SHANGHAI—By ordering his first trade action against Beijing, while amping up pressure on Chinese leaders to rein in Pyongyang’s nuclear menace, U.S. President Donald Trump is bringing to a head two of the most intractable problems that bedevil U.S.-China relations.

There are hints that Mr. Trump’s hard-nosed strategy could be having an impact—at least in the near-term. After repeated North Korean threats to launch missiles toward the U.S. Pacific territory of Guam, Pyongyang suddenly backed away from that threat Tuesday. And China has signed on to U.N. sanctions that will slash North Korea’s already meager foreign revenues by another $1 billion.

But Mr. Trump’s strategy comes with risks; each issue—trade and North Korea—is volatile enough to upend the relationship.

Mismanaged, one could ignite a trade war, the other to scenarios that lead to military conflict.

To avoid these dangers, the two sides would have to reconcile clashing views on Asian security, which shape their divergent approaches to North Korea, and incompatible economic systems, which drive trade frictions.

Successive U.S. administrations have delayed the reckoning that Mr. Trump now seeks, precisely because the chances of pulling off such a diplomatic outcome are so improbable.

Indeed, Washington may have missed the opportunity long ago when it had more leverage. The Chinese economy is now powerful enough to withstand any trade sanctions; it is less dependent on exports, whereas U.S. corporations are more reliant than ever on access to China’s consumer markets. A tit-for-tat trade war would hurt both sides, and damage U.S. friends and allies in global supply chains that run through China.

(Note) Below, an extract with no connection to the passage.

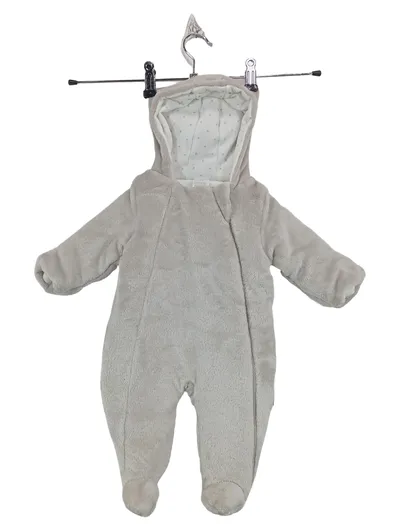 LITTLE Baby Schlafanzug Strampler Gr. 56 Beige Komfortabel Kapuze Kinder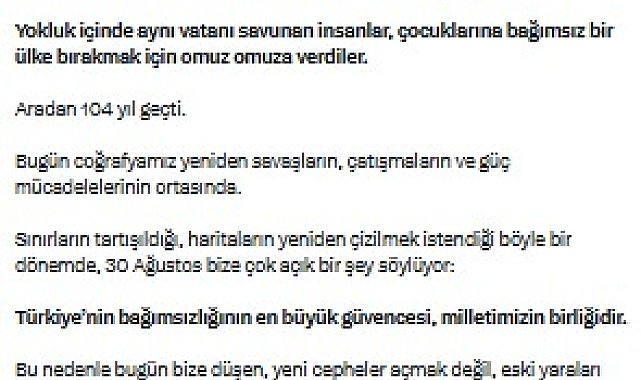 Kılıçdaroğlu'ndan '30 Ağustos' mesajı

Meanwhile, Chinese President Xi Jinping, riding a wave of assertive nationalism he’s helped to whip up, aims to diminish the U.S. presence in Asia and weaken its alliance system. He has no interest in any kind of arrangement for the Korean Peninsula that would strengthen America’s position there, and allow Washington to turn its attention to other flashpoints like Taiwan and the South China Sea.

Beijing’s bottom line: the status quo in North Korea is preferable to the upheaval required to take out its nuclear weapons, most likely including regime change.

White House officials insist there is no linkage between the North Korean issue and Monday’s presidential order to examine whether an investigation is warranted into Chinese requirements that U.S. companies give up technology in return for market access, as well as outright intellectual property theft.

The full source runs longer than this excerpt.